#### Task objective:
Write the lines below out exactly, dropping each picture.

- Opening Delimiter -

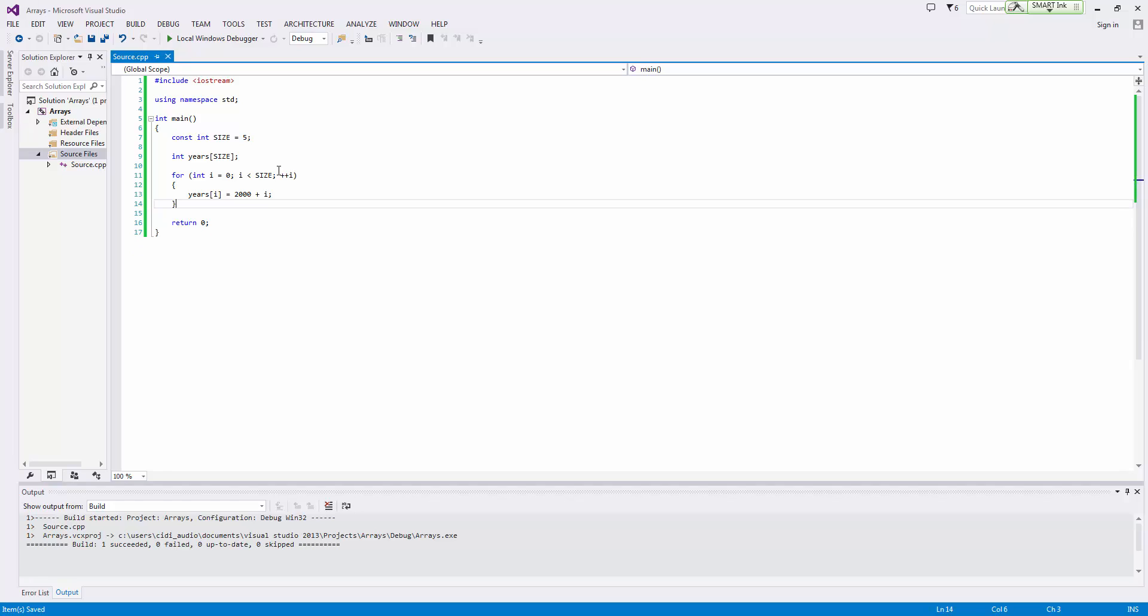And so what this will do is it will go and say okay at zero it's 2000 and then one it's 2001, two is 2002, so on and so forth. And then when i is equal to five i will no longer be less than size, just your normal typical for loop and there we have it.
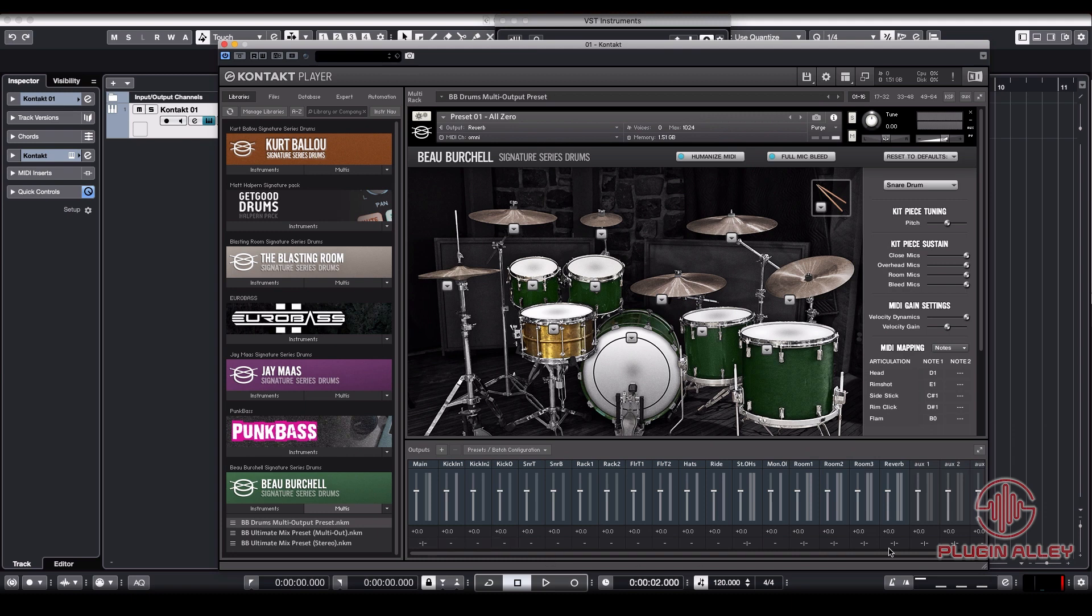So the first thing we're going to do is we're going to route our rooms. For me, since we only have four stereo auxes, it makes more sense to do the three rooms and the reverb as our stereo auxes and have the overheads as an overhead left and right. That's what we're going to do.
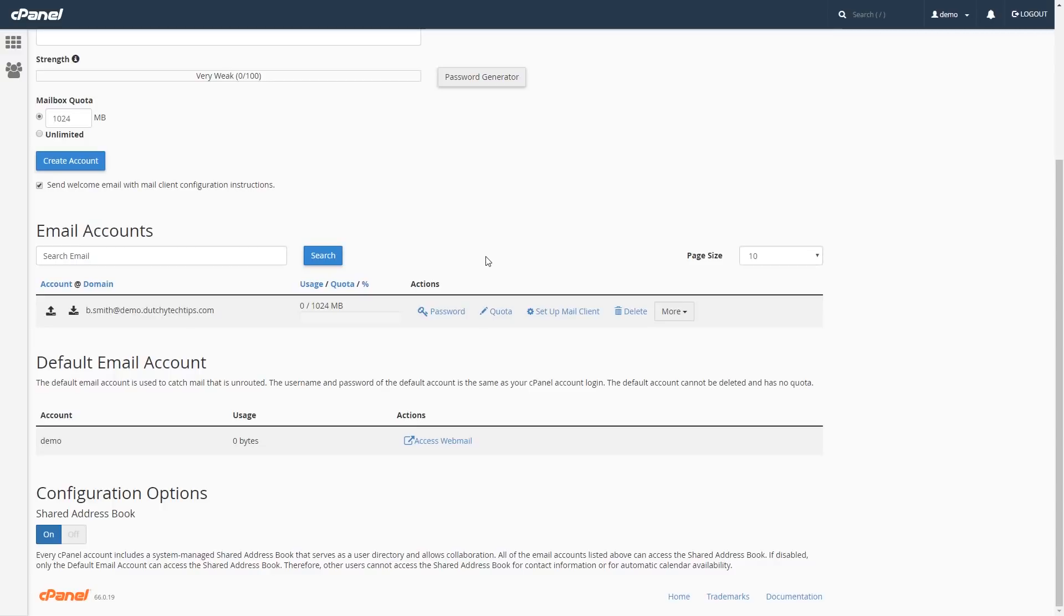you will find a column called Actions. Under the Actions column, you will find a link with a pencil called Quota. Left click on this.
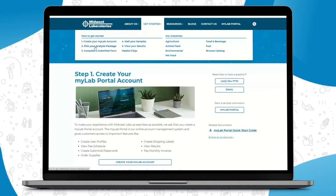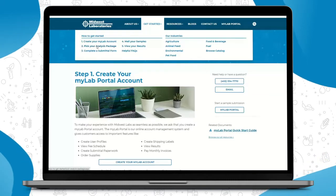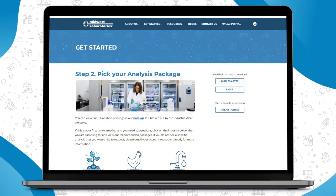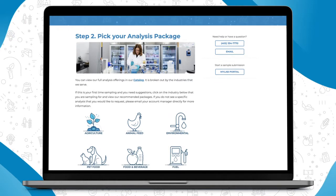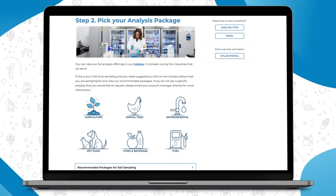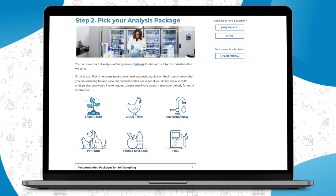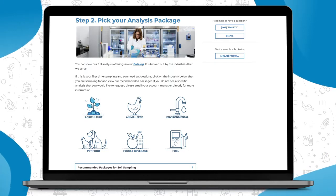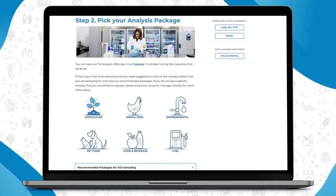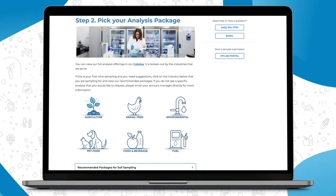The second step of Get Started is picking your analysis package. Here we've included a breakdown by industry, our full pricing catalog. So if you click on agriculture, animal feed, environmental, pet food, food and beverage, or fuel, you can view our full catalog of pricing.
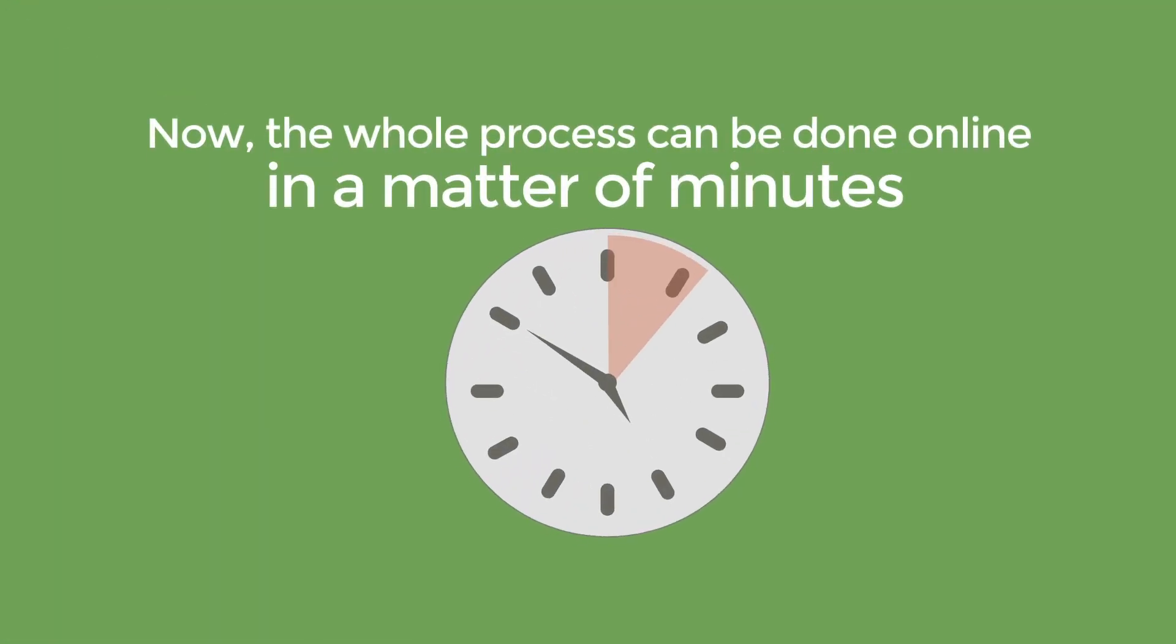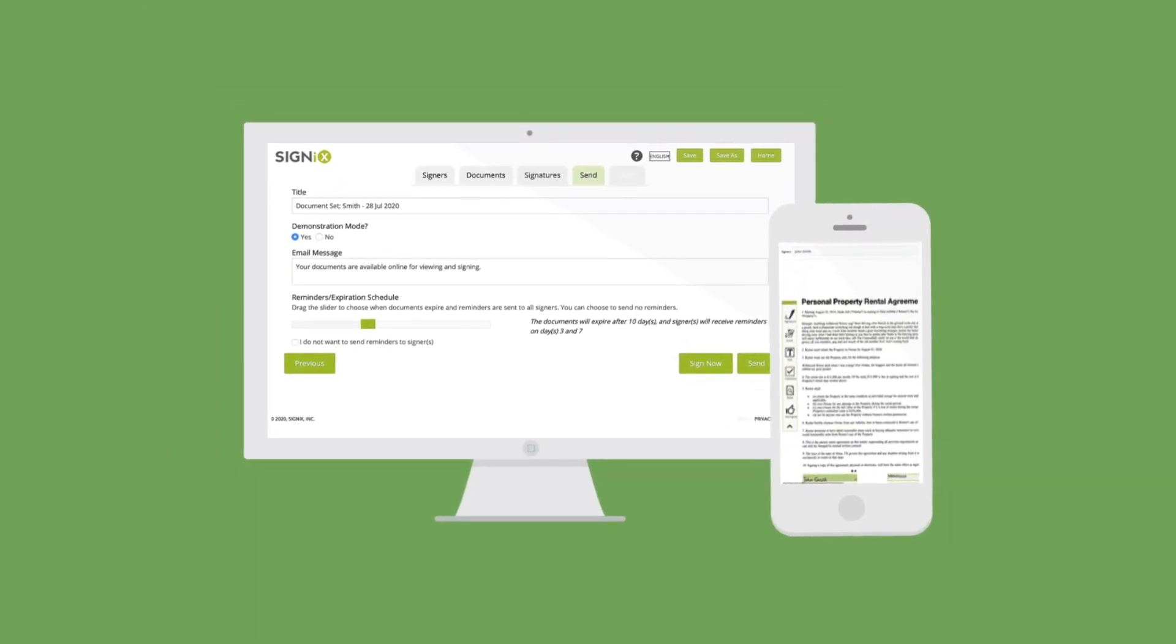Now, the whole process can be done online in a matter of minutes, with just a computer and a smartphone.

- Closing Delimiter -

#### Exercise response:
And so what this will do is it will go and say okay at zero it's 2000 and then one it's 2001, two is 2002, so on and so forth. And then when i is equal to five i will no longer be less than size, just your normal typical for loop and there we have it.
So the first thing we're going to do is we're going to route our rooms. For me, since we only have four stereo auxes, it makes more sense to do the three rooms and the reverb as our stereo auxes and have the overheads as an overhead left and right. That's what we're going to do.
you will find a column called Actions. Under the Actions column, you will find a link with a pencil called Quota. Left click on this.
The second step of Get Started is picking your analysis package. Here we've included a breakdown by industry, our full pricing catalog. So if you click on agriculture, animal feed, environmental, pet food, food and beverage, or fuel, you can view our full catalog of pricing.
Now, the whole process can be done online in a matter of minutes, with just a computer and a smartphone.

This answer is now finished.